AAD: AbbVie's Skyrizi bests Novartis' Cosentyx in head-to-head psoriasis match

With its megamerger with Allergan closed and Humira's decline staring it in the face, AbbVie is looking for growth from its two recent launches, psoriasis med Skyrizi and rheumatoid arthritis drug Rinvoq. Skyrizi, in particular, has raced out to fast start just a year into launch––and new data topping an older blockbuster could pave the way for even more success.

Skyrizi ran circles around Novartis' IL-17 competitor Cosentyx in clearing psoriasis patients' skin after one year, according to late-breaking data presented Friday at the American Academy of Dermatology annual meeting.

In the phase 3b Immerge study, 66% of patients treated with Skyrizi saw completely clear skin on the PASI index at 16 weeks compared with just 40% treated with Cosentyx.

At the 90% clearance threshold, Skyrizi matched Cosentyx at 16 weeks and easily bested its older rival at the 52-week mark. For the earlier checkpoint, 74% of Skyrizi patients achieved a 90% reduction in skin symptoms compared with 66% for Cosentyx patients. After a year, however, 87% of patients reached that threshold compared with 57% of Cosentyx patients.

Meanwhile, Skyrizi and Cosentyx posted adverse events at a similar rate, with two patients dropping out of the Skyrizi arm and eight on Cosentyx.

Novartis touted Cosentyx's broad label and long-term clinical data as continued selling points despite Skyrizi's win.

"Psoriatic disease is more than just skin plaques," the company said. "Cosentyx is an established brand, supported by long-term five-year sustained efficacy and safety data."

The newest data will likely aid Skyrizi in its blockbuster quest as one of two likely successors to AbbVie's immunology behemoth Humira, which is expecting U.S. biosimilar competitors in 2023.

RELATED: JPM: A Humira-beating $20B in sales from Skyrizi and Rinvoq?
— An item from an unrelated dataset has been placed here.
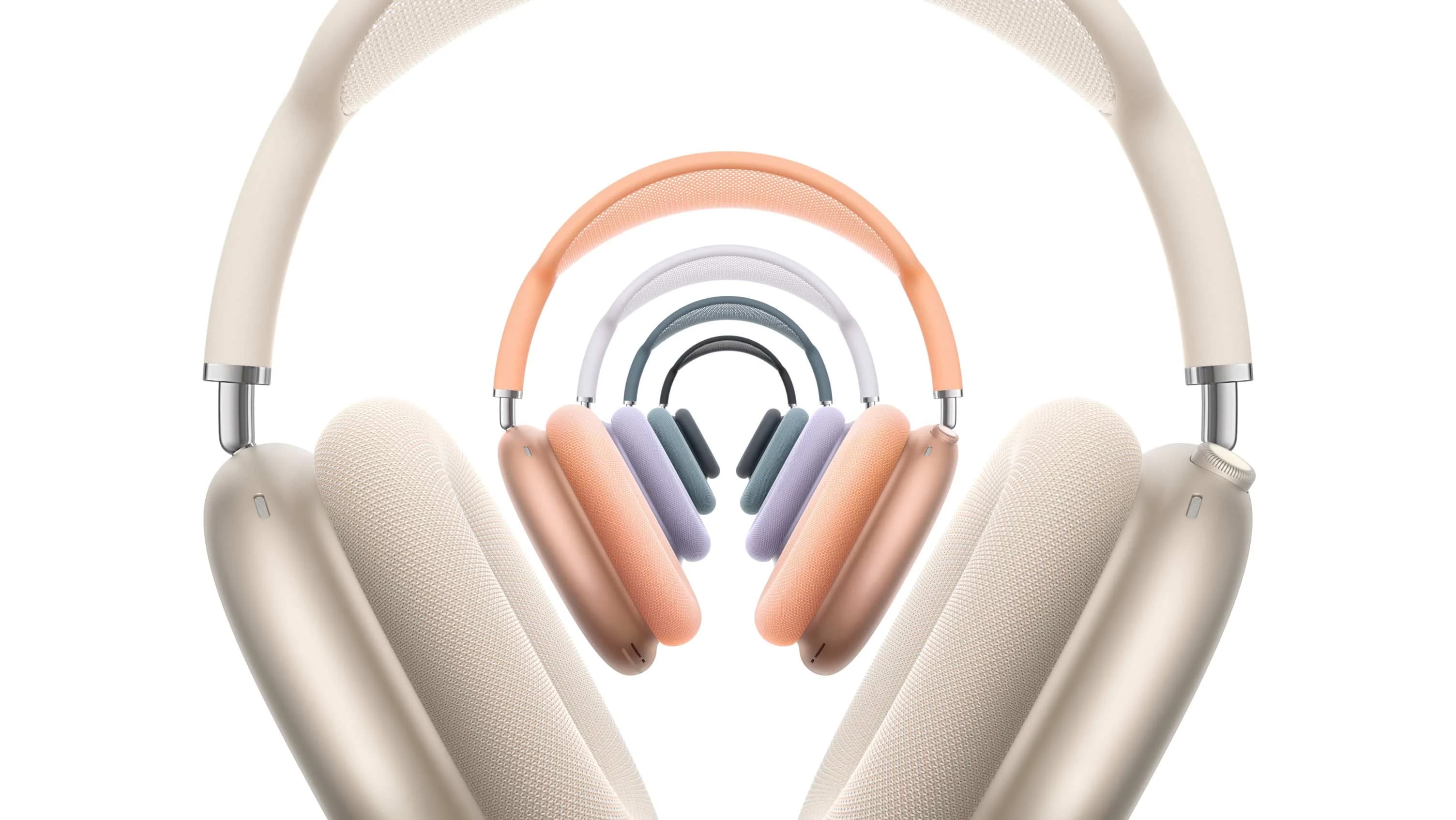 Apple AirPods Max in Space Gray aluminum, three-quarter front view on stand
It's possible, AbbVie CEO says

Paired with rheumatoid arthritis med Rinvoq, which landed on the market in August, Skyrizi could be part of a blockbuster duo that might eventually hit $20 billion in sales and match Humira's best year on the market, CEO Rick Gonzalez said in January.

Launched in April 2019, Skyrizi raced out to $300 million in sales in the first quarter with Rinvoq trailing far behind at $86 million in sales.

However, both drugs are pushing hard at their older rivals, with Skyrizi scoring in its head-to-head matchup with Cosentyx and Rinvoq nailing a recent face-off in RA with Bristol Myers Squibb's Orencia.

In that study, Rinvoq matched Bristol's Orencia at easing rheumatoid arthritis patients' symptoms at the 12-week mark and bested its older rival in patient remission rates. Exactly 30% of patients treated with Rinvoq achieved clinical remission at 12 weeks compared with 13.3% of Orencia patients, hitting a key secondary endpoint in AbbVie's Select-Choice trial.

Back in February, Rinvoq posted another head-to-head success, this one in-house against its predecessor drug, Humira.

RELATED: Novartis' Cosentyx chases Lilly's just-approved Taltz with long-term data in spondyloarthritis

Meanwhile, despite challengers nipping at its heels, Cosentyx managed to post $930 million in sales in the first quarter at a 19% growth clip. However, that could soon change if Skyrizi and other rivals have their way.

Earlier this month, Eli Lilly's IL-17 rival Taltz beat Cosentyx to an FDA nod in non-radiographic axial spondyloarthritis, which is believed to affect more than 1 million U.S. patients each year, Lilly said.

Days later, Novartis trailed that approval with long-term data showing Cosentyx bested placebo at reducing the symptoms of non-radiographic axial spondyloarthritis in patients after one year.

The 52-week data adds to earlier 16-week data that showed Cosentyx significantly reduced disease symptoms over placebo. More than 35% of patients treated with Cosentyx hit the study's primary endpoint of reducing a targeted set of disease symptoms at 52 weeks compared with 19% of patients taking placebo. At 16 weeks, 42.2% of patients hit the same mark versus 29.2% for placebo.

Cosentyx notched a European Medicines Agency approval to treat non-radiographic axial spondyloarthritis in April and has already filed for regulatory approval in the U.S. and Japan.